* INPUT DATA *

= = = = =

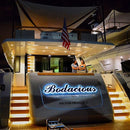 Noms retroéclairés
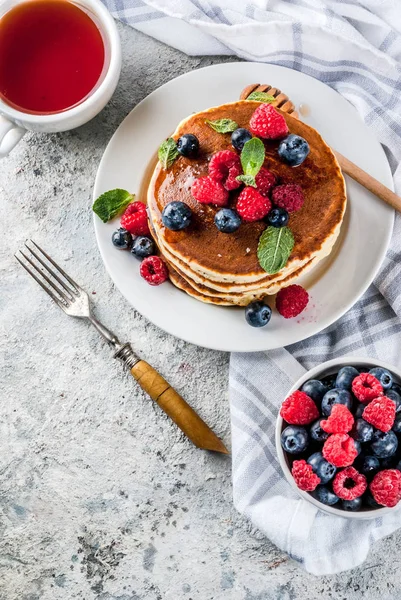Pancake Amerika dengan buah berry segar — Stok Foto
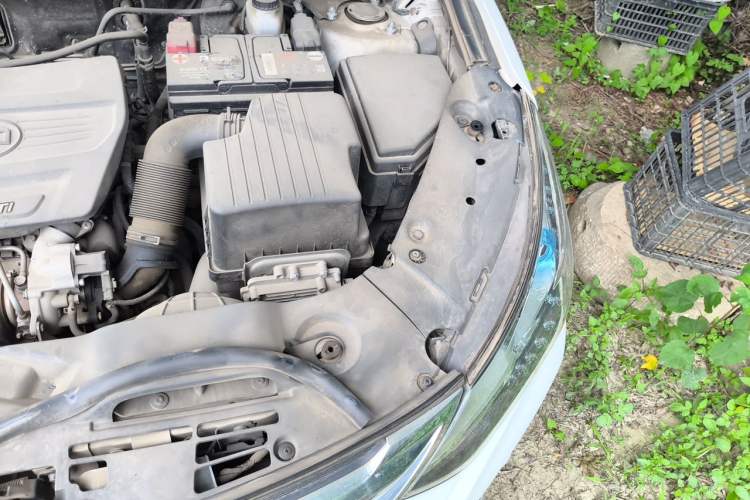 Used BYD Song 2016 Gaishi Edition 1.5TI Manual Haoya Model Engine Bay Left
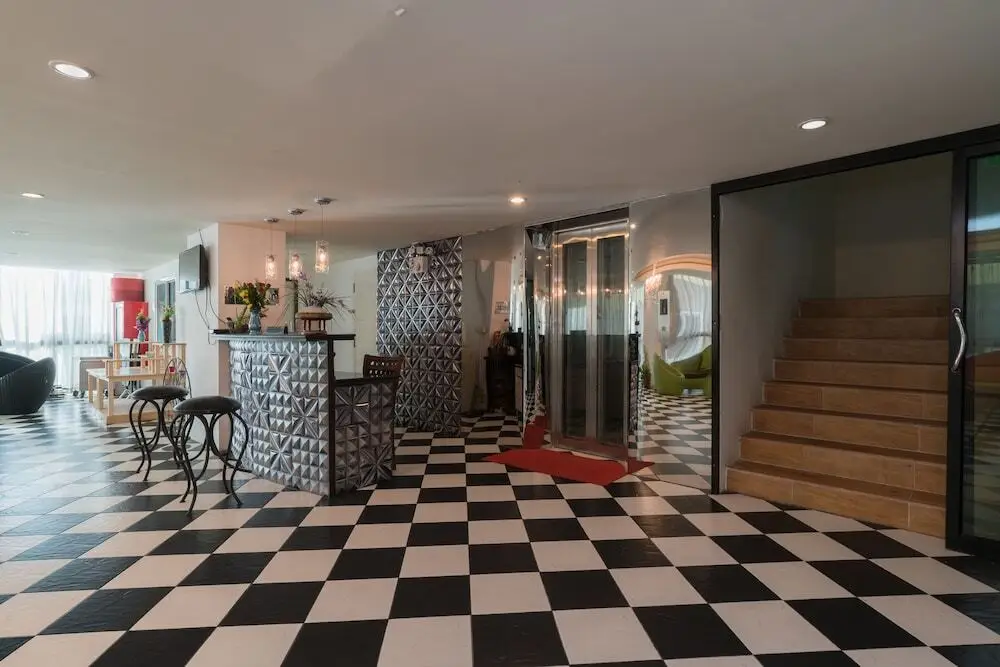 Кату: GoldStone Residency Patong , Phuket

= = = = =

* EXERCISE REQUIREMENTS *
The output must match, line for line, the span from the line containing "Used BYD Song" through the end of the data, with the pictures removed.

* EXERCISE OUTPUT *
 Used BYD Song 2016 Gaishi Edition 1.5TI Manual Haoya Model Engine Bay Left
 Кату: GoldStone Residency Patong , Phuket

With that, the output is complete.